LSST data science overview

This page provides a broad overview of data science challenges arising from analysis of the Vera C. Rubin Observatory’s planned Legacy Survey of Space and Time (LSST). This information is intended to be accessible to data scientists outside of astronomy (and to be useful to astronomers new to LSST).

Key resources at LSST.org

Basic survey information

Key Numbers | Rubin Observatory — A collection of basic observatory and survey statistics, including observatory, telescope, camera, and filter bandpass specifications, and the sizes and schedule for LSST datasets. An excerpt:

Dataset properties:

Nightly data size: 20 TB/night
Final database size (DR11) : 15 PB
Real-time alert latency : 60 seconds

Data Releases:

Survey duration : 10 years
Number of Data Releases (DRs): 11
Number of objects (full survey, DR11):
20 billion galaxies
17 billion resolved stars
6 million orbits of solar system bodies
Average number of alerts per night: about 10 million

The Rubin Observatory science community

Two organizations provide broad support for the Rubin science community (see our Proposal Support page for potential sources of financial support for individual investigators and small teams):

The Rubin Observatory Project (aka “the project”) is the organization responsible for construction of the observatory, the raw data processing pipeline (“the DM [Data Management] pipeline”), and the community-facing data access and analysis environment, the Rubin Science Platform (RSP). It is also responsible for ongoing operation and maintenance of the observatory and computing infrastructure (“operations”). The web home of the project is at LSST.org and RubinObservatory.org (an alias for the LSST.org site). The project is mainly funded via the National Science Foundation (NSF) and the Department of Energy (DOE) in the US. The observatory’s main telescope is named the Simonyi Survey Telescope, honoring philanthropic funding from the Charles and Lisa Simonyi Fund.
The LSST Corporation (LSSTC) “is an independent non-profit that is transforming the long-term scientific and societal impact of Rubin LSST, through innovative programs that emphasize networks, students, and community.” LSSTC played in a key role in initiating the Large Synoptic Survey Telescope project (which eventually became the Rubin Observatory and the cleverly-backronymed LSST survey). Its activities are funded by membership fees from academic and research institution members, and from philanthropic donations.

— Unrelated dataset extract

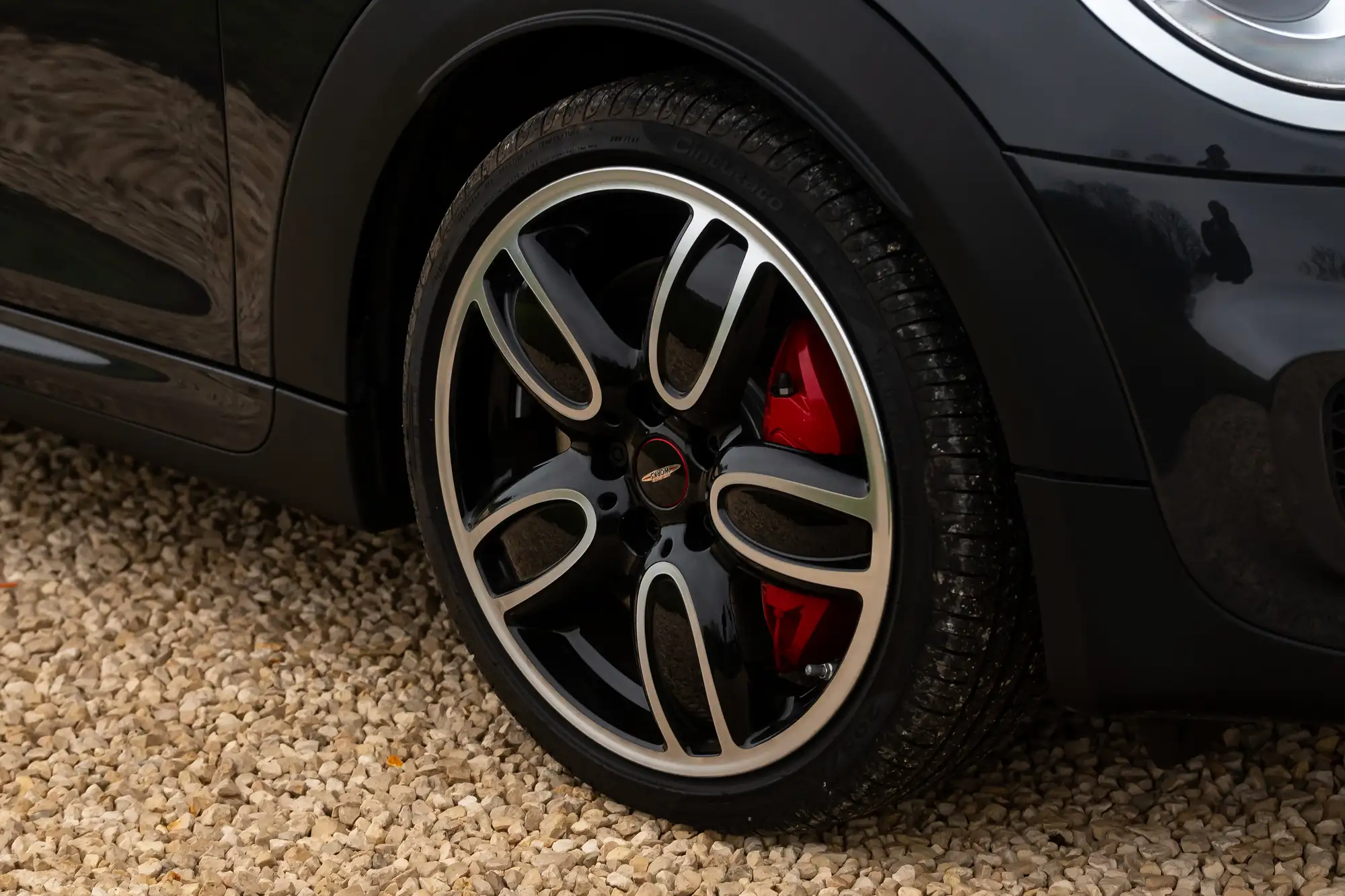 2017 Mini JCW 6 Speed Tiptronic - 123 Miles from new-For Sale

The Rubin Observatory is located on the Atacama plateau in Chile, and Chile contributes significantly to the project. Wikipedia has a entry on the Vera C. Rubin Observatory (Wikipedia) with a helpful overview of the project’s history and funding.

Data rights: Professional astronomers in the US and Chile automatically have rights to access officially released LSST data. Many other scientists have obtained data rights via in-kind contributions to the LSST community (negotiated with the Rubin Observatory project). For more information about data access, see RDO-013 — Rubin Data Policy (also at the shorcut URL, LS.ST/RDO-013; see LSST URL Shortener for instructions on accessing LSST official documents via LS.ST, including past versions).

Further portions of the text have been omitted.